Are the llvmlibc-callee-namespace warnings something worth chasing? Should we be unrolling loops based on its advice? Finally, is it a benefit here to rename all of these constants in this list of checks?

Not opposed to utilizing this sort of tool to improve the code, just lost as to what is actually important / actionable. Help.

Apr 12 '22 20:04 lshulen

Absolutely, I agree. In the first message I made a list of warnings that I would disable right away because 1) I cannot do anything about (e.g. depends on the testing library), 2) do not make any sense.
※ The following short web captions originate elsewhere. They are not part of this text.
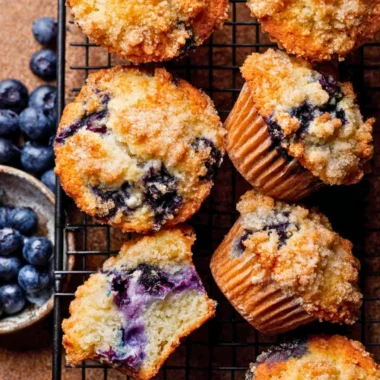Freshly baked bakery style blueberry muffins on a cooling rack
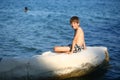 Caucasian nine year old boy sunbathing on the rock on the cyprus seashore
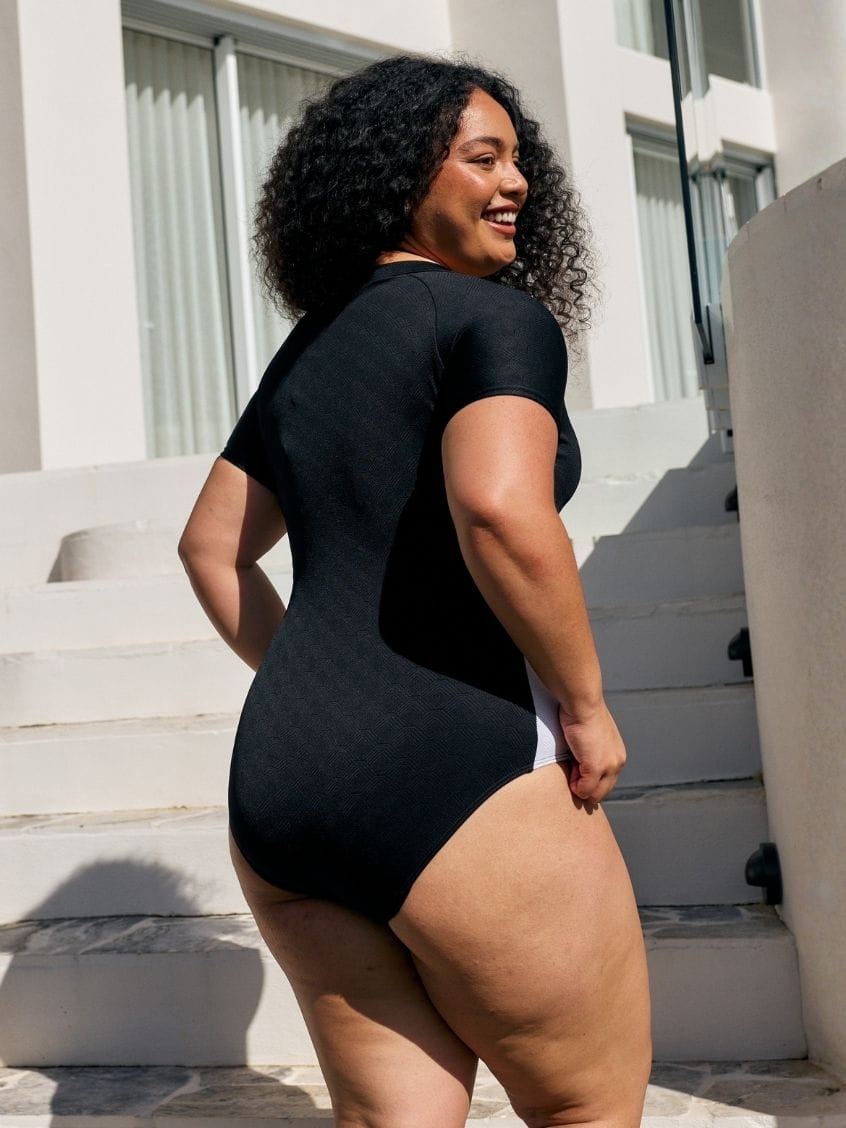 Back of model wearing a high neck one piece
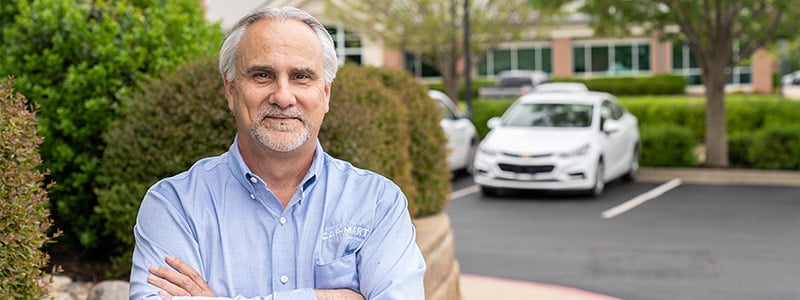 Car-Mart VP of Underwriting Rick Musial outside
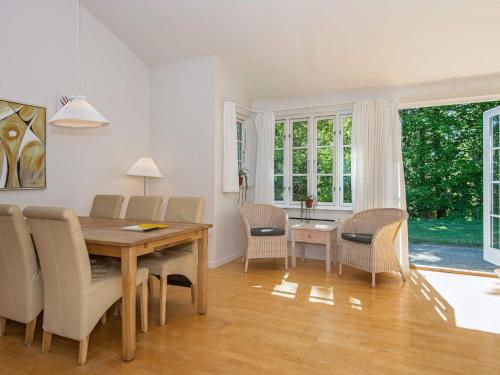 a dining room with a wooden table and chairs at 8 person holiday home in Aabenraa-By Traum in Aabenraa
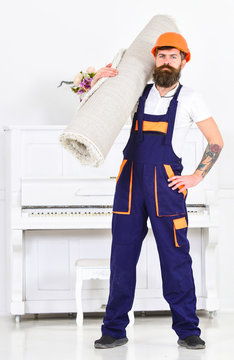 Full length portrait of man isolated in white painted room. Builder with tattoo on arm holding rolled carpet on his shoulder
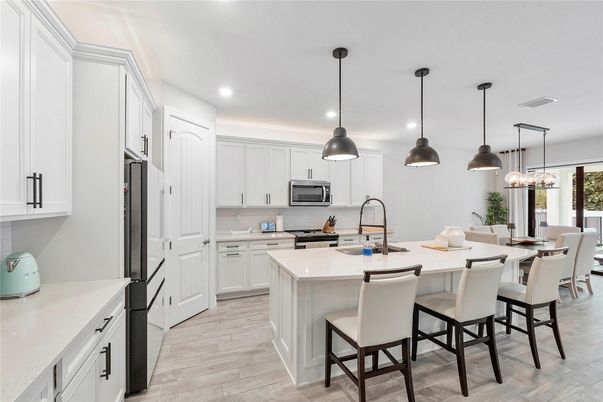 Dining room, Interior, Kitchen, Pendant Lights, Recessed Lighting, Stainless Steel Appliances, Wood Texture Flooring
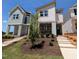 Charming new construction with inviting brick and siding exterior and newly installed front yard landscaping at 330 Cottage Hill Way, Knightdale, NC 27604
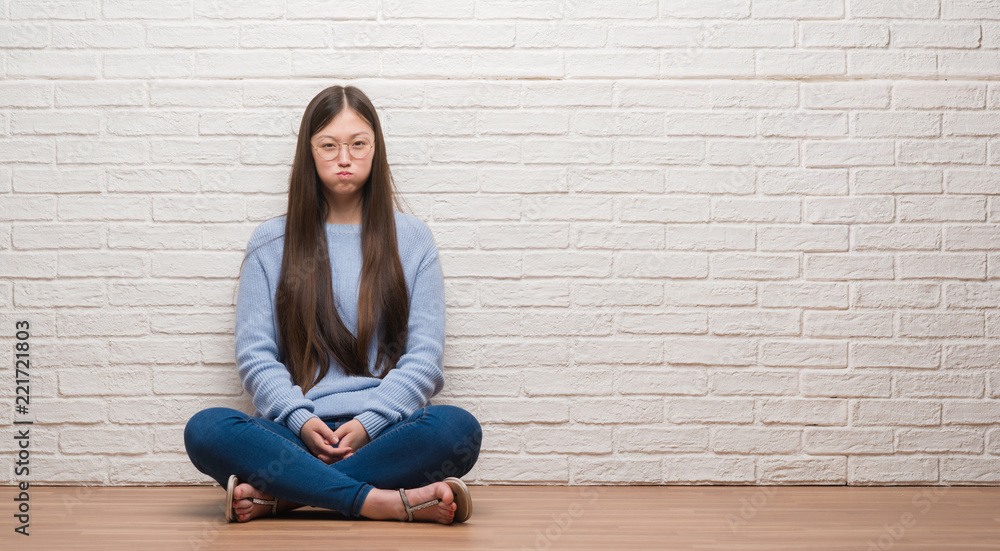 Young Chinese woman sitting on the floor over brick wall puffing cheeks with funny face. Mouth inflated with air, crazy expression. Young Chinese woman sitting on the floor over brick wall puffing cheeks with funny face. Mouth inflated with air, crazy expression.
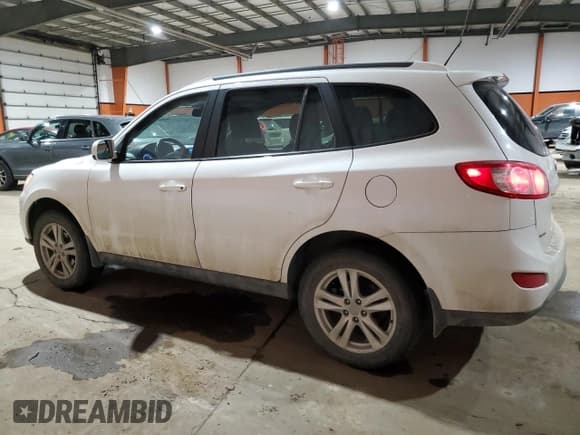 ✅ 2012 Hyundai Santa Fe GLS • VIN: 5XYZGDAG6CG113424 • Lot: 84898144. Listed on Copart with 140,697 mi. Free auction sales archive from the USA and detailed vehicle history report at DreamBid. Image 2.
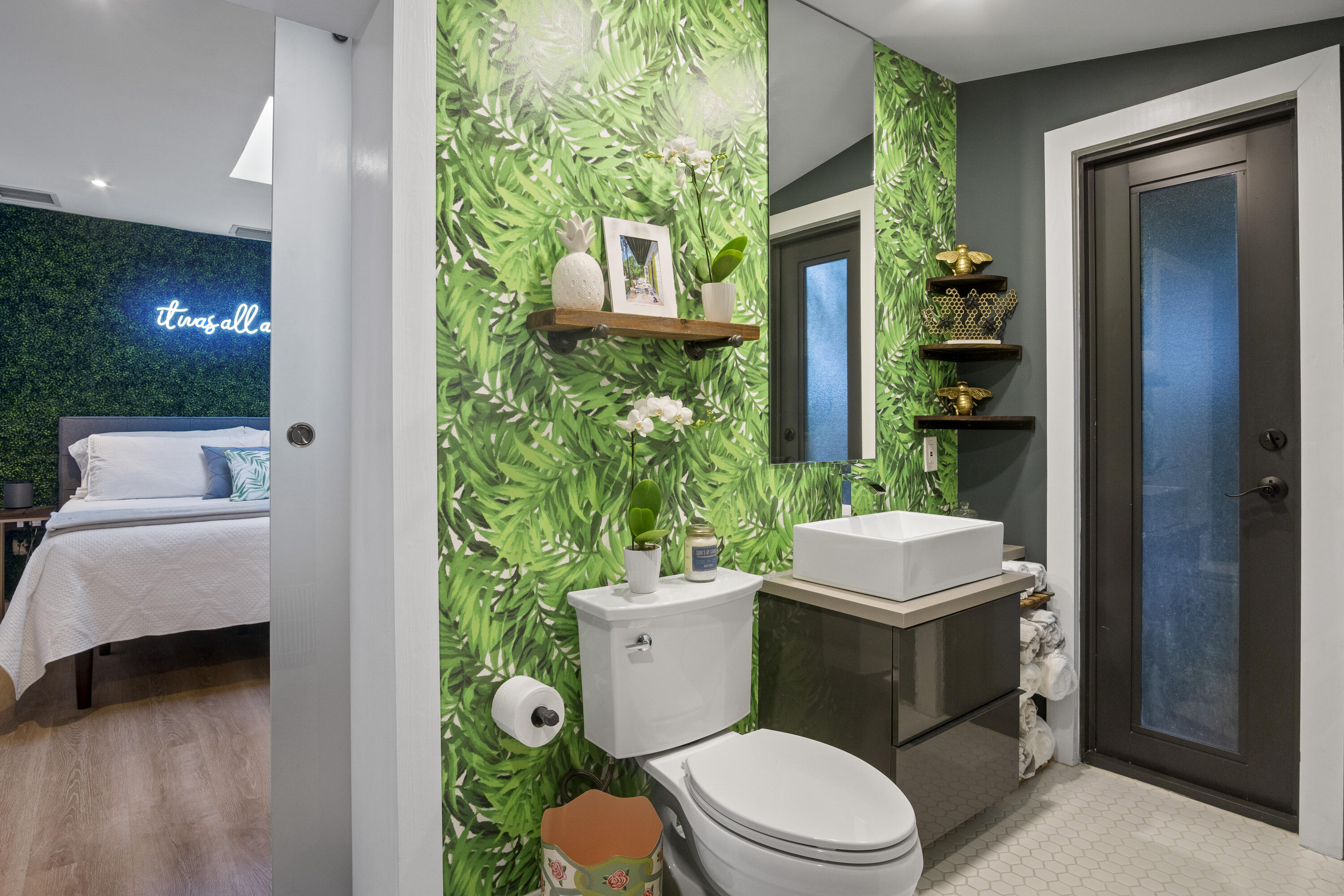 1616 Bertha Street, Unit 2 Key West, FL 33040 - Photo 26 of 45 a bathroom with a toilet a sink and a mirror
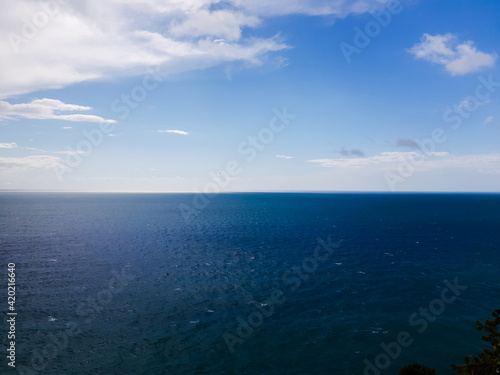 Genova  Italy - March 12  2021 - Seascape  blue sky  clouds and sea in the tropical waters of the Mediterranean sea in winter days.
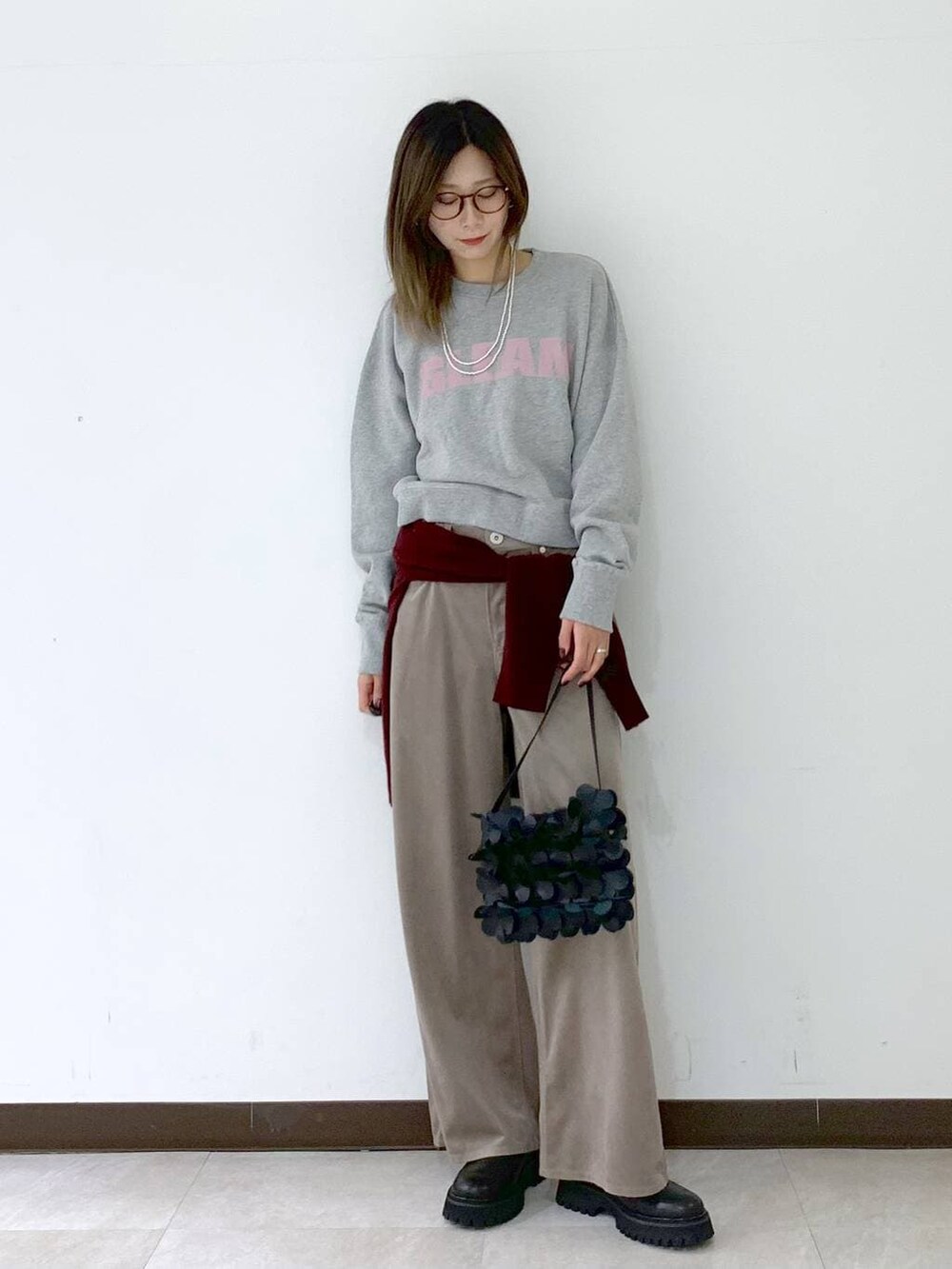 レッド系のカーディガン/ボレロ、ブラック系のショルダーバッグ、ブラック系のサンダルを着用したレディースの冬コーディネートの5枚目の写真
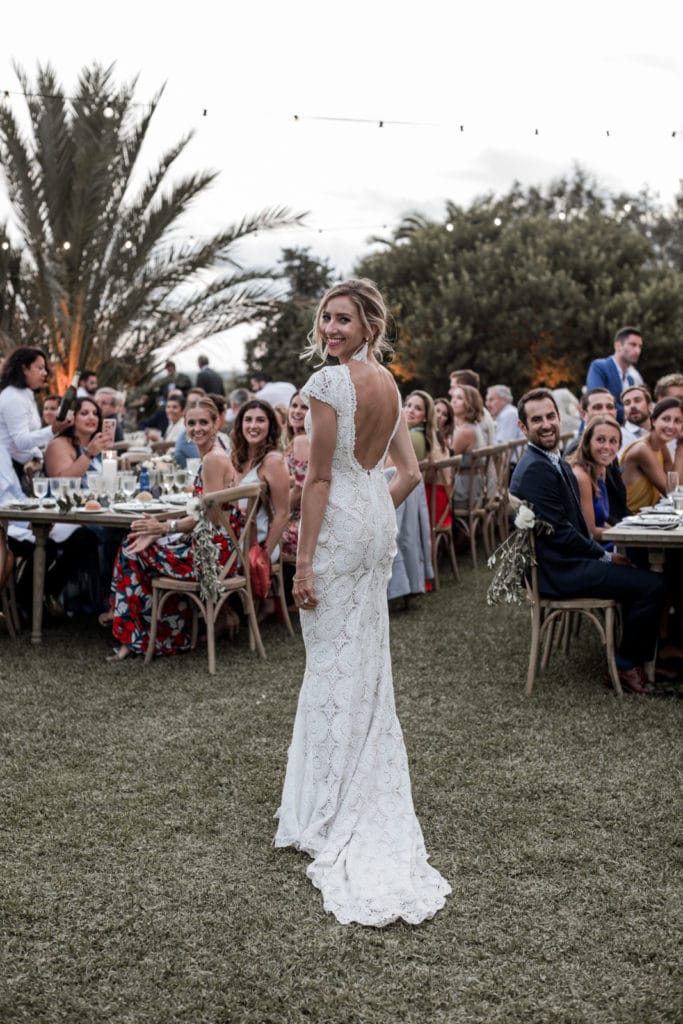 Bride turns to look at camera as she enters wedding reception in Mallorca Spain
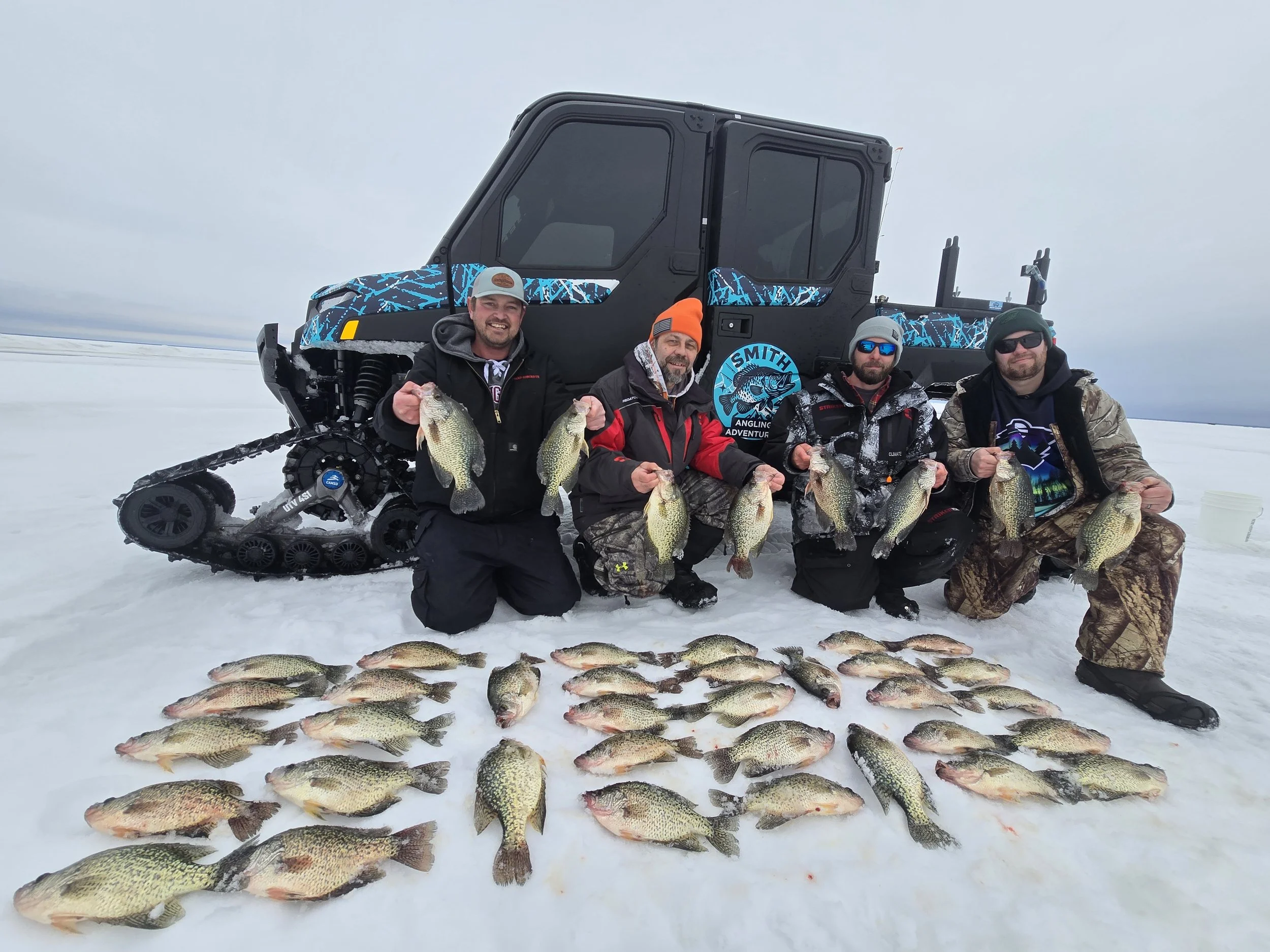 Four men kneeling in snow in front of a snowmobile, holding large fish they caught, with more fish arranged on the snow in front of them.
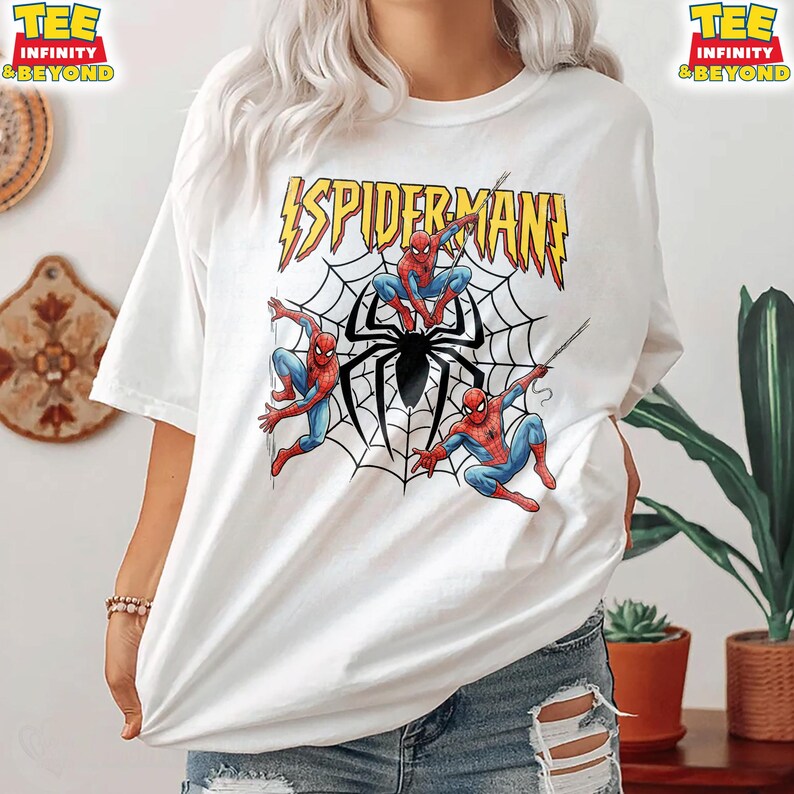 May include: White t-shirt featuring a graphic of Spider-Man in a web with the text "SPIDERMAN!" in yellow and red. The design includes three Spider-Man figures in action poses, with a large black spider in the center.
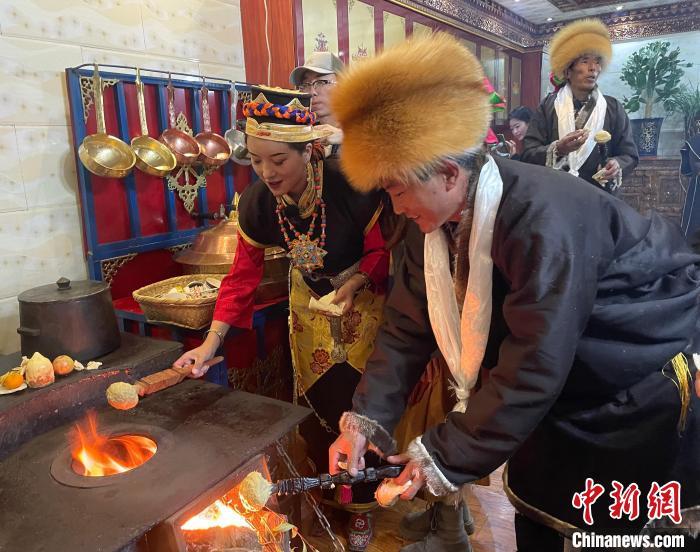 圖為人們在火上烤節(jié)日美食“結達”?！∪轿木?攝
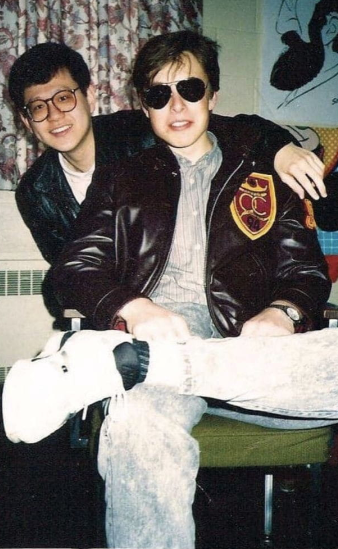 A vintage photograph shows two young men sitting together, with one wearing sunglasses, a striped shirt, and a black leather jacket featuring a patch.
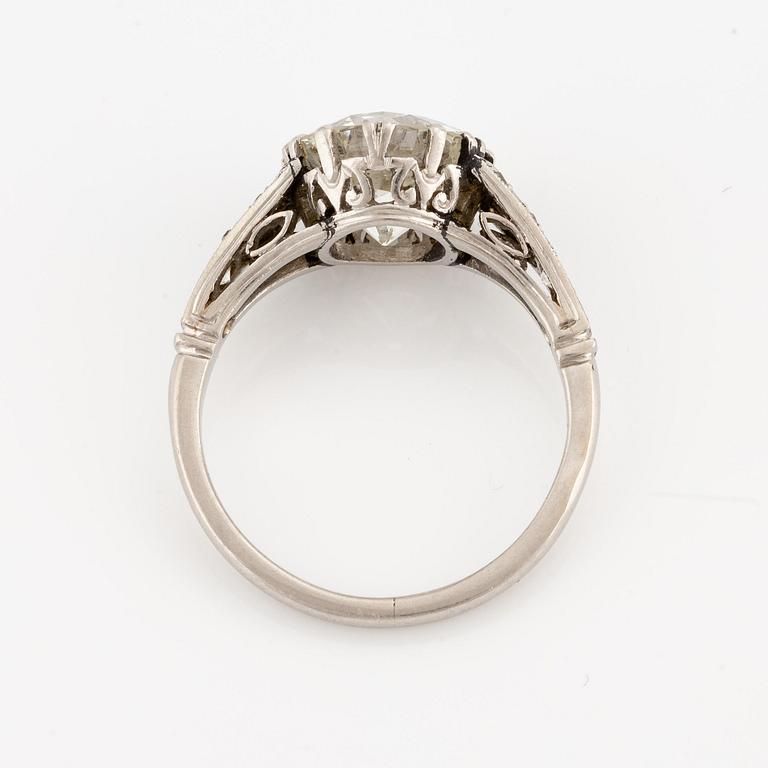 A platinum ring set with an old-cut diamond.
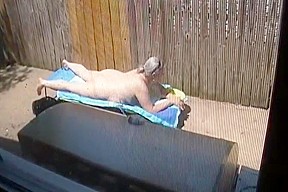 Caught laying out nude enjoy the view...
I got to the conclusion that llvmlibc-* warnings do not make any sense, I think those are for llvm library developers. Some fuchia-* warnings are mostly contradictory with other warnings.

In general, each warning is well documented and explained here: https://clang.llvm.org/extra/clang-tidy/checks/list.html

Some warnings are also about industry conventions (e.g. header guards naming). These and other warnings are low priority but also have low cost because they can be automatically fixed by text replacement.

Apr 12 '22 21:04 correaa

Thanks, I'll dig more into the warning types.

Apr 12 '22 21:04 lshulen

As discussed above, the real question here is which warnings indicate (i) dangerous code and potentially hidden bugs (ii) bad practices that we should avoid (subjective) (iii) ignorable or irrelevant warnings. There is hopefully some low hanging fruit that will get rid of many, but category (i) should have priority.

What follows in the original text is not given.